Goku era el que lo tenía más difícil: tenía que luchar contra Célula y contra otro Célula Jr. Peleaba con ganas pero el instinto asesino del pequeñajo y los devastadores golpes de su padre hicieron que necesitara tomarse otra semilla senzu. Momento que aprovechó Célula para robarle la bolsita, comerse una semilla y destruir el resto. La única que sobrevivió era la que Goku se tomó antes de que Célula destruyese la bolsa.
La pelea estaba resultando ser muy dura pero combinando los ataques de Gohan y Raditz lograron destruir a un Célula Jr. y a partir de ahí todo fue sobre ruedas; Los Célula Jrs. Iban cayendo como moscas y pronto solo quedó el verdadero Célula en pie, el único combatiente que no estaba cansado ya que se había guardado otra semilla para después.

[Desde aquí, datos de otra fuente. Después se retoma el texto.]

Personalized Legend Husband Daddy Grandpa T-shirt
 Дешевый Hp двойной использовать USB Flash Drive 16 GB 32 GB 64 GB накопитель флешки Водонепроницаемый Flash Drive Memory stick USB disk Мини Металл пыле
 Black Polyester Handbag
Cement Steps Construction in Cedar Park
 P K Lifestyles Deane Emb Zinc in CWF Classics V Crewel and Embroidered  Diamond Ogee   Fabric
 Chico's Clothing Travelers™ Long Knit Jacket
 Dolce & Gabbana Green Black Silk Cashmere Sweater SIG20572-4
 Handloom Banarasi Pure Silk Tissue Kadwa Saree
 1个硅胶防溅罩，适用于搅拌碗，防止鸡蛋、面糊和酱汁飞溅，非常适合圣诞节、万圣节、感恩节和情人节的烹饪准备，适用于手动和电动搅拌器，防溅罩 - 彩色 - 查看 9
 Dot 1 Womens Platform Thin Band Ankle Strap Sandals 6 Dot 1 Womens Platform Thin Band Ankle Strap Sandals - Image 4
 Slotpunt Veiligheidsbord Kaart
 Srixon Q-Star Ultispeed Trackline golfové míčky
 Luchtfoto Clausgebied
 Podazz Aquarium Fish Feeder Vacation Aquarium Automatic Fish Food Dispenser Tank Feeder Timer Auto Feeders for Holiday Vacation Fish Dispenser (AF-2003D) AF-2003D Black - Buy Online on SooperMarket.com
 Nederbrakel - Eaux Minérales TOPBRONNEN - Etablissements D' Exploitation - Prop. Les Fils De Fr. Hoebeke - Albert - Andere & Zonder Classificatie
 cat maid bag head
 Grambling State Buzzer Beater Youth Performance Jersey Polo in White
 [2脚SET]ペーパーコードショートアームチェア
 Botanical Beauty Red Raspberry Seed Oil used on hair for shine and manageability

Era la hora del segundo round. En ese momento, 16 con un brazo roto y sus circuitos estallando se adhirió a la espalda de Célula y lo "abrazó" para después empezar a canalizar mucha energía dentro de sí mismo.
– ¡Alto! – gritó 16 – tengo una bomba en mi interior y voy a estallar junto con Célula.
En ese mismo instante se oyó a Raditz gritar:
– No, 16, no podrás, el Doctor Gero te extrajo la bomba hace mucho.
– Eso explicaría por qué no se activa. Pero eso significa que… ¡Oh, No! Célula me va a matar.
– Suelta, 16, quítate de encima – dijo Célula al tiempo que hizo explotar su ki.
16 cayó y cayó hasta que Célula se terminó de quitar el polvo y le lanzó una ráfaga de ki, a la cual solo sobrevivió su cabeza que fue a parar justo enfrente de Gohan. El androide le rogó que protegiera la naturaleza, a las personas y a los seres vivos en general. Cuando iba a acabar de hablar, fue aplastado por un pisotón de Célula.
– Bueno, ya hay menos basura en el planeta – dijo y se puso a reír maquiavélicamente.
Gohan en ese momento solo sintió furia, una enorme cantidad de furia, una furia incontrolable. Furia hacia Célula, el androide que había dañado gravemente a sus amigos y familia y ahora no solo había absorbido a dos androides para volverse increíblemente poderoso y únicamente con fines egoístas, sino que encima había matado a un androide que jamás hizo nada malo. Un androide que amaba la naturaleza, un androide noble y fuerte que había muerto a sus pies.
Gohan chilló ante la enorme cantidad de energía que se apoderó de su cuerpo. La tierra se partió en dos, cráteres se formaron y un niño de once años había aparecido, con el cabello totalmente erizado… y dorado.
Todos se sobresaltaron ante la enorme energía que fluía de Gohan, todos menos Goku, que ya se esperaba algo por el estilo. Incluso Célula cesó su escena de risa malvada.
– Te destruiré, Célula – dijo el joven del cabello dorado – pagarás todo el daño que has causado a mi familia y amigos y a toda la tierra en general. Puedes darte por muerto.